- [AIM OF THE TASK]: In the material below, find the line with "Girls Bunny Bow" and the line with "Threaded Pear Women's", then output those two lines and every line between them, exactly.

- [DATA EXTRACT]:
_ _ _
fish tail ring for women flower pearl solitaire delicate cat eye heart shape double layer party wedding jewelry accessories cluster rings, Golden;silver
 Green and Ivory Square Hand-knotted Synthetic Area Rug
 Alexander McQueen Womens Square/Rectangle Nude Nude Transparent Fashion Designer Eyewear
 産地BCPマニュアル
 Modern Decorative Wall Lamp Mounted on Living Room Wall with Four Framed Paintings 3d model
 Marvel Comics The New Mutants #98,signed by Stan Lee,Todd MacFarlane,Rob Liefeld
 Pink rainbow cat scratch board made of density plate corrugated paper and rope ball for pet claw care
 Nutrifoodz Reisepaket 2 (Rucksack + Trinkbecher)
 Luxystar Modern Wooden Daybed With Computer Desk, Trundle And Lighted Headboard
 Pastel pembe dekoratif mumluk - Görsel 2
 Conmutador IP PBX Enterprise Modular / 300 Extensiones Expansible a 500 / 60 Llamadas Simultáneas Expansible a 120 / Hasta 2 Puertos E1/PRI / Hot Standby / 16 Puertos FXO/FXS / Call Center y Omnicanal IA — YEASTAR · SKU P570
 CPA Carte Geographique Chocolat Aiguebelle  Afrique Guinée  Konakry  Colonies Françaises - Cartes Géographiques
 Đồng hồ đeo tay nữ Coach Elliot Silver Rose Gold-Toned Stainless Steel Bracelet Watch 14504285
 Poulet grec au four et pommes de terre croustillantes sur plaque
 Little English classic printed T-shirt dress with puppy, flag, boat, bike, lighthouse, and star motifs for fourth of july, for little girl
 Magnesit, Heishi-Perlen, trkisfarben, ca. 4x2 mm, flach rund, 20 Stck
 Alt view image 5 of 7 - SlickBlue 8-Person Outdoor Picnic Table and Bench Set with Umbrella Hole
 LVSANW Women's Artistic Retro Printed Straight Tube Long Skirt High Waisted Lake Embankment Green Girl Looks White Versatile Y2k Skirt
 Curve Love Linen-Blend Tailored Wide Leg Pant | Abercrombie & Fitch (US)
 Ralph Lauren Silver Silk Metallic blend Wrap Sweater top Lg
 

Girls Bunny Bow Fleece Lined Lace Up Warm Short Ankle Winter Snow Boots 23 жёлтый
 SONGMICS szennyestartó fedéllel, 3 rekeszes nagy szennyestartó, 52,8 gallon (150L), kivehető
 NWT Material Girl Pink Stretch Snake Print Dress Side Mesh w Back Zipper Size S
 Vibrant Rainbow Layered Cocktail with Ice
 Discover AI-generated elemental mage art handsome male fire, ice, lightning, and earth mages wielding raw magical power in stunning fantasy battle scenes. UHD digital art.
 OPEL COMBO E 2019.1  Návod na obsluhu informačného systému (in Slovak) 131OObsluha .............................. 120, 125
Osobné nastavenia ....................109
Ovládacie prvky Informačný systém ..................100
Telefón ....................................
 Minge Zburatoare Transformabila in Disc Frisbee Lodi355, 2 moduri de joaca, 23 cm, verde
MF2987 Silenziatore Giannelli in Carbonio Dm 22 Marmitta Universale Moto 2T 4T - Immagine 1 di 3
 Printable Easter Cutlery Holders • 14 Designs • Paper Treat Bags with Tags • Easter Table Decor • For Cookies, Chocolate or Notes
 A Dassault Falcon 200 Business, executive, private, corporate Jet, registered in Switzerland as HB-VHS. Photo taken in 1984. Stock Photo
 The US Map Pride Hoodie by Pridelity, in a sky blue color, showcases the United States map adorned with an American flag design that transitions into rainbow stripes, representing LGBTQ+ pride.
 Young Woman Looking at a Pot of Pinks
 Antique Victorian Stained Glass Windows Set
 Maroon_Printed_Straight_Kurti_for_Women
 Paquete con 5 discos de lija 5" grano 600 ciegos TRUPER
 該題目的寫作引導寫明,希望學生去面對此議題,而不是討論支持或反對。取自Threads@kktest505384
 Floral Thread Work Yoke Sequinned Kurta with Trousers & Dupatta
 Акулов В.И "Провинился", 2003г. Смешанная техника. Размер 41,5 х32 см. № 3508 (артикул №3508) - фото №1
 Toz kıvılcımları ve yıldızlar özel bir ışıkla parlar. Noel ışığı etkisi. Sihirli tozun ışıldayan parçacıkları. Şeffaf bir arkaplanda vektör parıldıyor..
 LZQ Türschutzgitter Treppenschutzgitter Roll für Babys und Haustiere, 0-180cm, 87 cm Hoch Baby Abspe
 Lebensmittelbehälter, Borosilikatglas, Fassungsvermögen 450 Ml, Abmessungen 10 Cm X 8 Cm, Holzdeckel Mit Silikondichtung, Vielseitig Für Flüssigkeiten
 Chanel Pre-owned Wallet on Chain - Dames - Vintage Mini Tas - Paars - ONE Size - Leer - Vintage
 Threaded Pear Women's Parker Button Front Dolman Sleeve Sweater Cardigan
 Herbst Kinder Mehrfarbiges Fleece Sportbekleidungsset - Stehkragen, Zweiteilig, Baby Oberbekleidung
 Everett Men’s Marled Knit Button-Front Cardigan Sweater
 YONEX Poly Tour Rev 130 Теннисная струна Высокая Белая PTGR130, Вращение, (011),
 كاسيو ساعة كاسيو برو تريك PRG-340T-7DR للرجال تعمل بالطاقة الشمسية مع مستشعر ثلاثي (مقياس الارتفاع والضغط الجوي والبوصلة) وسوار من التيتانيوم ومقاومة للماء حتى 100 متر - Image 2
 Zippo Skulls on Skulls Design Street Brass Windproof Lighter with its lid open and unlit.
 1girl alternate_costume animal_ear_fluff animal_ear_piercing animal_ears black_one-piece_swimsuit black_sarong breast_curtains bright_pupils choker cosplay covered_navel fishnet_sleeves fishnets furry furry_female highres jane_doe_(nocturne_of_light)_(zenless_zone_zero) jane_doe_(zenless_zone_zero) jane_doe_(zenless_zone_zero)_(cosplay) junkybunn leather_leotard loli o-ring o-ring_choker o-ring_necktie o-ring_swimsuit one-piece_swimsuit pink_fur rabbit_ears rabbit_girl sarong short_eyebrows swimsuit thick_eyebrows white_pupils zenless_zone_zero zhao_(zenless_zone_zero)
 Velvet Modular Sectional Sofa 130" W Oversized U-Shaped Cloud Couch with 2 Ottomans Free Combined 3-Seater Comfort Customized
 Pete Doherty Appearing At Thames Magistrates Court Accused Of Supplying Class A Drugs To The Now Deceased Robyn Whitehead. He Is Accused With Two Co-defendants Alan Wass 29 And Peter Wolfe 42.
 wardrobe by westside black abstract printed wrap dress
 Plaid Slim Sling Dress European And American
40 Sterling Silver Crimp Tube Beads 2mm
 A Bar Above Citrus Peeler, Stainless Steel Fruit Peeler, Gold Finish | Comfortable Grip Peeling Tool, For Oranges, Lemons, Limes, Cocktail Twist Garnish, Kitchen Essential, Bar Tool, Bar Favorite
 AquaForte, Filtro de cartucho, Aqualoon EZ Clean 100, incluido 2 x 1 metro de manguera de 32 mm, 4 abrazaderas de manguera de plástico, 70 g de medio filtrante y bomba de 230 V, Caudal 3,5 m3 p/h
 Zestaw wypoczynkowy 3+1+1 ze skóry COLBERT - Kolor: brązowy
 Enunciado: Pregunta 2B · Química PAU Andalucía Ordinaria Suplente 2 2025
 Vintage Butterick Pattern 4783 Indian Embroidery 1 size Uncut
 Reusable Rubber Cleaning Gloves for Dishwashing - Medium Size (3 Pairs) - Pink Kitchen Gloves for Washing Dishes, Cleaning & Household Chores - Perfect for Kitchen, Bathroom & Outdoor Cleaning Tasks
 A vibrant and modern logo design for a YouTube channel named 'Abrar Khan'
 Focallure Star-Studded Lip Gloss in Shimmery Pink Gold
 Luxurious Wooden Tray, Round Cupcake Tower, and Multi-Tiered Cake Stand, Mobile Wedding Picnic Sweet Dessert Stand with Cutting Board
_ _ _
- [ANSWER]:
Girls Bunny Bow Fleece Lined Lace Up Warm Short Ankle Winter Snow Boots 23 жёлтый
 SONGMICS szennyestartó fedéllel, 3 rekeszes nagy szennyestartó, 52,8 gallon (150L), kivehető
 NWT Material Girl Pink Stretch Snake Print Dress Side Mesh w Back Zipper Size S
 Vibrant Rainbow Layered Cocktail with Ice
 Discover AI-generated elemental mage art handsome male fire, ice, lightning, and earth mages wielding raw magical power in stunning fantasy battle scenes. UHD digital art.
 OPEL COMBO E 2019.1  Návod na obsluhu informačného systému (in Slovak) 131OObsluha .............................. 120, 125
Osobné nastavenia ....................109
Ovládacie prvky Informačný systém ..................100
Telefón ....................................
 Minge Zburatoare Transformabila in Disc Frisbee Lodi355, 2 moduri de joaca, 23 cm, verde
MF2987 Silenziatore Giannelli in Carbonio Dm 22 Marmitta Universale Moto 2T 4T - Immagine 1 di 3
 Printable Easter Cutlery Holders • 14 Designs • Paper Treat Bags with Tags • Easter Table Decor • For Cookies, Chocolate or Notes
 A Dassault Falcon 200 Business, executive, private, corporate Jet, registered in Switzerland as HB-VHS. Photo taken in 1984. Stock Photo
 The US Map Pride Hoodie by Pridelity, in a sky blue color, showcases the United States map adorned with an American flag design that transitions into rainbow stripes, representing LGBTQ+ pride.
 Young Woman Looking at a Pot of Pinks
 Antique Victorian Stained Glass Windows Set
 Maroon_Printed_Straight_Kurti_for_Women
 Paquete con 5 discos de lija 5" grano 600 ciegos TRUPER
 該題目的寫作引導寫明,希望學生去面對此議題,而不是討論支持或反對。取自Threads@kktest505384
 Floral Thread Work Yoke Sequinned Kurta with Trousers & Dupatta
 Акулов В.И "Провинился", 2003г. Смешанная техника. Размер 41,5 х32 см. № 3508 (артикул №3508) - фото №1
 Toz kıvılcımları ve yıldızlar özel bir ışıkla parlar. Noel ışığı etkisi. Sihirli tozun ışıldayan parçacıkları. Şeffaf bir arkaplanda vektör parıldıyor..
 LZQ Türschutzgitter Treppenschutzgitter Roll für Babys und Haustiere, 0-180cm, 87 cm Hoch Baby Abspe
 Lebensmittelbehälter, Borosilikatglas, Fassungsvermögen 450 Ml, Abmessungen 10 Cm X 8 Cm, Holzdeckel Mit Silikondichtung, Vielseitig Für Flüssigkeiten
 Chanel Pre-owned Wallet on Chain - Dames - Vintage Mini Tas - Paars - ONE Size - Leer - Vintage
 Threaded Pear Women's Parker Button Front Dolman Sleeve Sweater Cardigan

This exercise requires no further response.